Directions
After locating "Jisoo Interactions tweet media" in the listing below, copy that line and each one after it exactly, ending with the line that has "84-web-or-mls-9040 E Sunrise Cir-158.jpg".

Extracted records
====
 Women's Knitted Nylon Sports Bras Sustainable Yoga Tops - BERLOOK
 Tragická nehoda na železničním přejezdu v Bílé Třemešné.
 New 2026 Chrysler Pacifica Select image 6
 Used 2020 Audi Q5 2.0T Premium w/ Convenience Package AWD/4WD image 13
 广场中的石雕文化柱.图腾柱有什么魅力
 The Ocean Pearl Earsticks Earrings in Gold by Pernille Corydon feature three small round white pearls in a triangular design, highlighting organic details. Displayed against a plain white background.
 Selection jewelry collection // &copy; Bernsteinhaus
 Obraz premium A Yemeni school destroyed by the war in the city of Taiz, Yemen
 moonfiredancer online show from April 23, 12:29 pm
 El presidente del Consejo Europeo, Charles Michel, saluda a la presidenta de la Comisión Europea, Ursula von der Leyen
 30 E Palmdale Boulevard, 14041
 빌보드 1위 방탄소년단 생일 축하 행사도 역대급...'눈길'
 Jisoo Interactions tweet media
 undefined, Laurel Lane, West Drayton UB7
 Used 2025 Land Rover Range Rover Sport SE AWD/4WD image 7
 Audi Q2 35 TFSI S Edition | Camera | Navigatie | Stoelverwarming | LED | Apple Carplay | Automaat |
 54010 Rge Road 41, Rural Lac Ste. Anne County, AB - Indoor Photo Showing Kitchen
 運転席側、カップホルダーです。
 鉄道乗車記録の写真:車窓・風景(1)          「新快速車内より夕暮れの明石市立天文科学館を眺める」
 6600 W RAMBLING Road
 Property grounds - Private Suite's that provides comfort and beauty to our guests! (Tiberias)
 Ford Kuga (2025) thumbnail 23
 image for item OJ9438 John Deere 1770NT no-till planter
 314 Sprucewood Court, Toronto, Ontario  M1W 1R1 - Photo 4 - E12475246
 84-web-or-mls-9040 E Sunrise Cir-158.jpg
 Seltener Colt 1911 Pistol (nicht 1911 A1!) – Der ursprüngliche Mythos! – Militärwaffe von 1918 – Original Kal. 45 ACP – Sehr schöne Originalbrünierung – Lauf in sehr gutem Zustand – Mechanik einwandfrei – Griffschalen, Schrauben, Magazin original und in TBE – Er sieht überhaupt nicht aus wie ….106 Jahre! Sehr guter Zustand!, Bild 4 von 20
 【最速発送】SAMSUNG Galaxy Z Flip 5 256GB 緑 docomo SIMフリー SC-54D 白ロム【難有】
====
Answer for this exercise
 Jisoo Interactions tweet media
 undefined, Laurel Lane, West Drayton UB7
 Used 2025 Land Rover Range Rover Sport SE AWD/4WD image 7
 Audi Q2 35 TFSI S Edition | Camera | Navigatie | Stoelverwarming | LED | Apple Carplay | Automaat |
 54010 Rge Road 41, Rural Lac Ste. Anne County, AB - Indoor Photo Showing Kitchen
 運転席側、カップホルダーです。
 鉄道乗車記録の写真:車窓・風景(1)          「新快速車内より夕暮れの明石市立天文科学館を眺める」
 6600 W RAMBLING Road
 Property grounds - Private Suite's that provides comfort and beauty to our guests! (Tiberias)
 Ford Kuga (2025) thumbnail 23
 image for item OJ9438 John Deere 1770NT no-till planter
 314 Sprucewood Court, Toronto, Ontario  M1W 1R1 - Photo 4 - E12475246
 84-web-or-mls-9040 E Sunrise Cir-158.jpg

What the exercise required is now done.